TASK REQUIREMENTS:
What is wanted is every line below from the one with "thumbnail image 4" up to and including the one with "700x700 Mermaid Paradise", retyped exactly, pictures excluded, nothing else.

RECORDS:
※ ※ ※

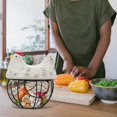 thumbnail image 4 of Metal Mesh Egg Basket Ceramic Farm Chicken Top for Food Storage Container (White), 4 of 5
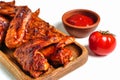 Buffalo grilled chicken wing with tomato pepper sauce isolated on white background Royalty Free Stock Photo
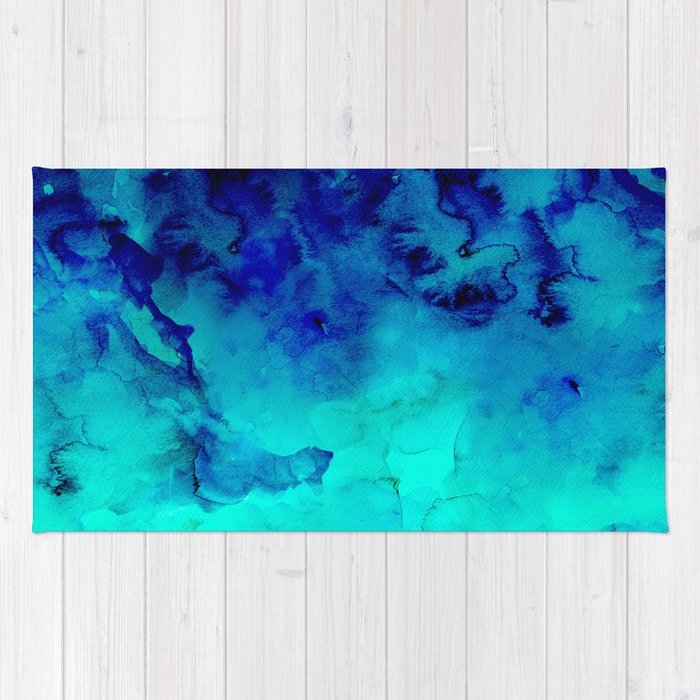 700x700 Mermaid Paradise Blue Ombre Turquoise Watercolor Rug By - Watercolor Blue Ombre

※ ※ ※

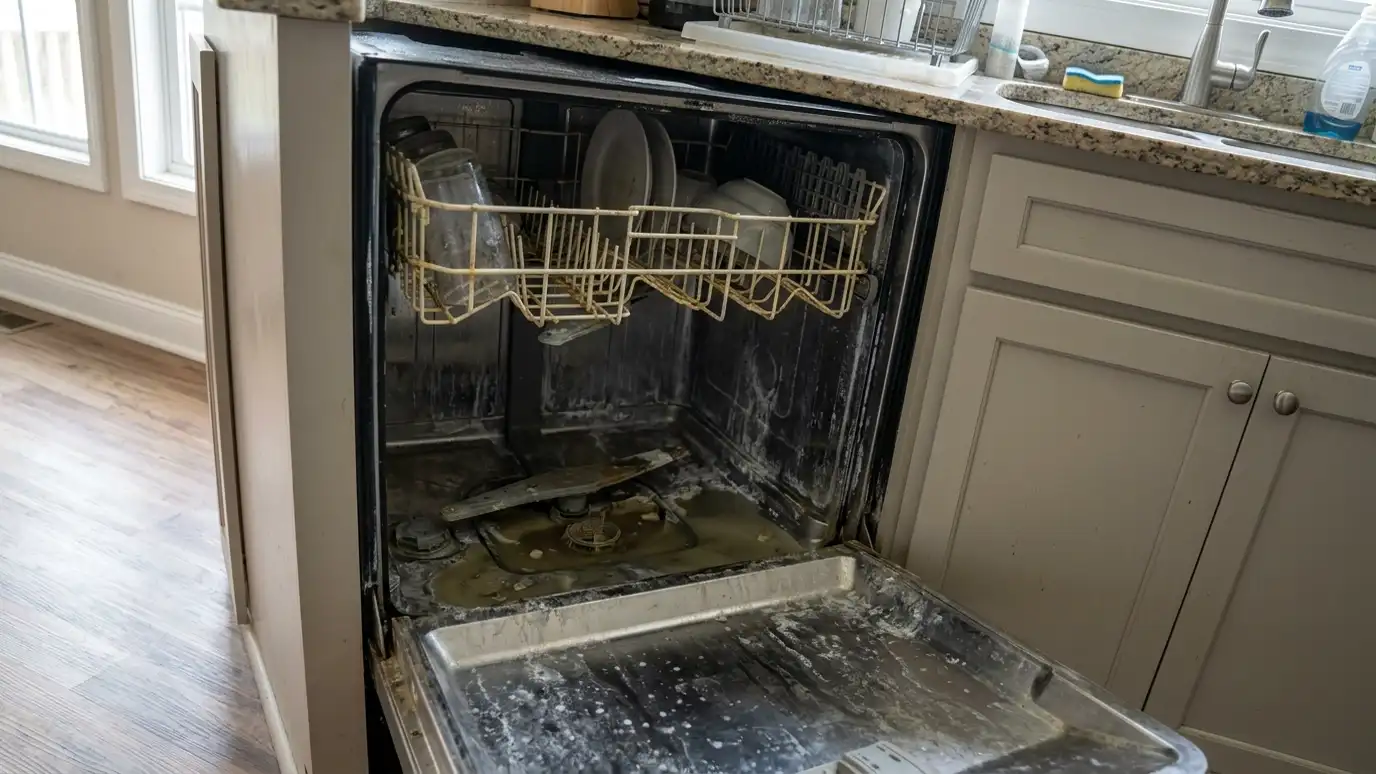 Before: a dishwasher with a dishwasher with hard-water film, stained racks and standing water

※ ※ ※

SOLUTION BELOW:
 thumbnail image 4 of Metal Mesh Egg Basket Ceramic Farm Chicken Top for Food Storage Container (White), 4 of 5
 Buffalo grilled chicken wing with tomato pepper sauce isolated on white background Royalty Free Stock Photo
 700x700 Mermaid Paradise Blue Ombre Turquoise Watercolor Rug By - Watercolor Blue Ombre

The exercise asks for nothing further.